A colleague tells a Chinese legend counselling caution about drawing conclusions.
There was a farmer who had only one horse, and one day the horse ran away. The farmer’s friends sympathised with him over his bad news. ‘It could be bad news, it could be good news, who knows?’ responded the farmer.
Sometime later, the horse came home – time bringing with it a group of beautiful wild horses. The friends were delighted at the farmer’s good fortune and said to him how pleased they were at the good news. ‘It could be good news, it could be bad news, who knows?’ he said.
The farmer’s son was riding of the horses and fell and broke his leg. The friends were upset at such bad news. The farmer said, ‘It could be bad news, it could be good news, who knows?’ he shrugged.
A war came, and every young man was called up and sent into battle. Only the farmer’s son, because he had a broken leg, was left at home. The friends felt the farmer would be glad of the way things had turned out. ‘It could be good news, it could be bad news, who knows?’ said the farmer.
How does one call things, even in retrospect?
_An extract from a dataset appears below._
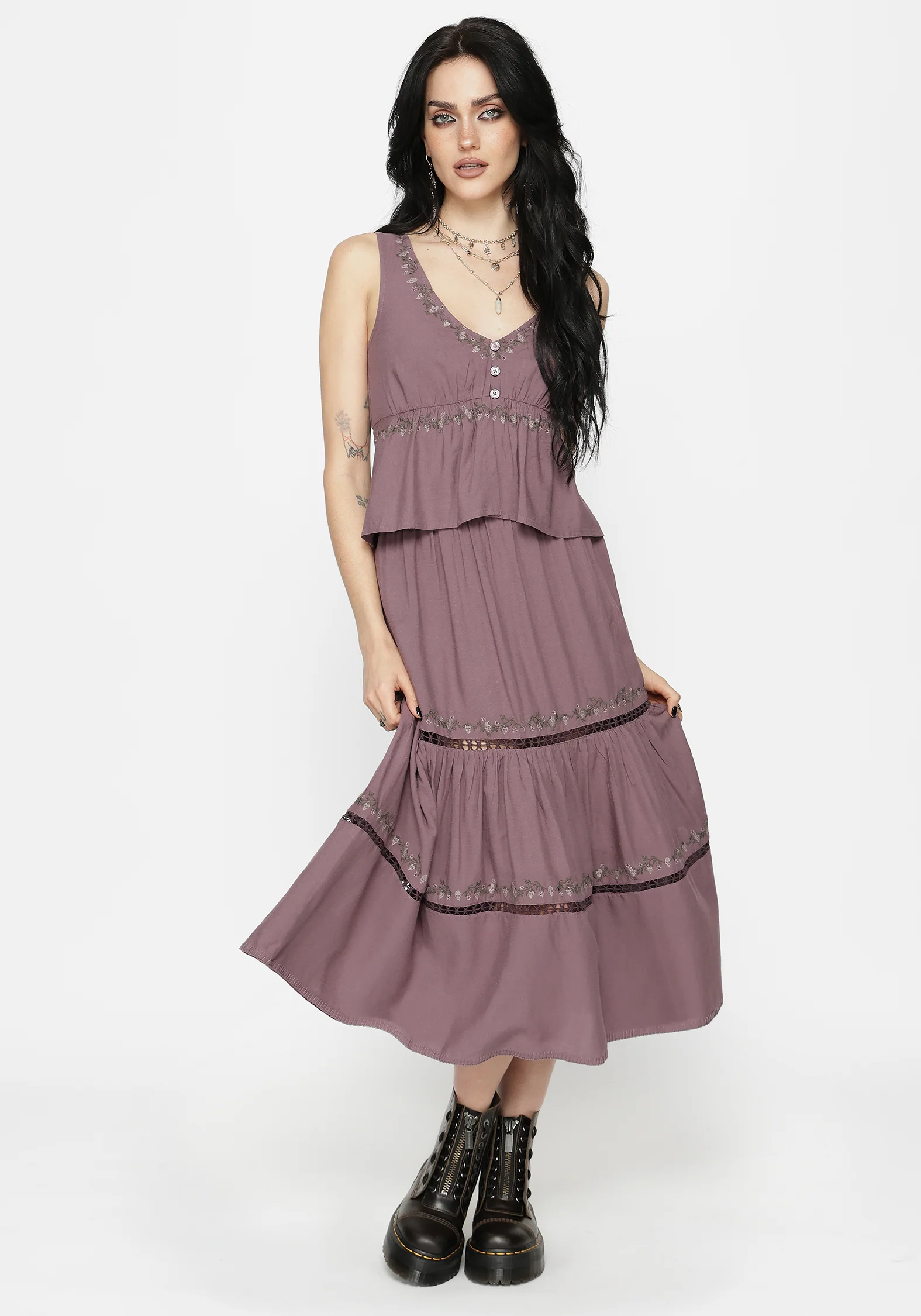 Solis Skull Embroidered Linen Midi Skirt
Getting into her car in the French village of Ascain, a Parisian lady was concerned that a car had parked closely beside her. Turning around to try to see better, she pressed the accelerator instead of the brake of the car with her foot. The car shot backwards across the road, smashing a Volkswagen before bouncing off a wall on the opposite side of the road. Before hitting the Volkswagen, her car ripped the front off the silver Opel in which we were travelling.
Bad news? It seemed so at the time. Friends who had flown from Ireland for just two days were with us; we had a great day out planned. Now we had a wrecked car which had to be collected; a taxi to wait for; a replacement car to collect; paperwork to complete. Our day was lost.
But couldn’t it have been good news? What if we had been a fraction of a second earlier? Instead of shooting across the road, the car would have hit us broadside, hitting my wife in the driving seat and propelling us across the road into other parked cars.
It was not an experience one would ever wish to repeat, but one infinitely better than broken limbs or worse.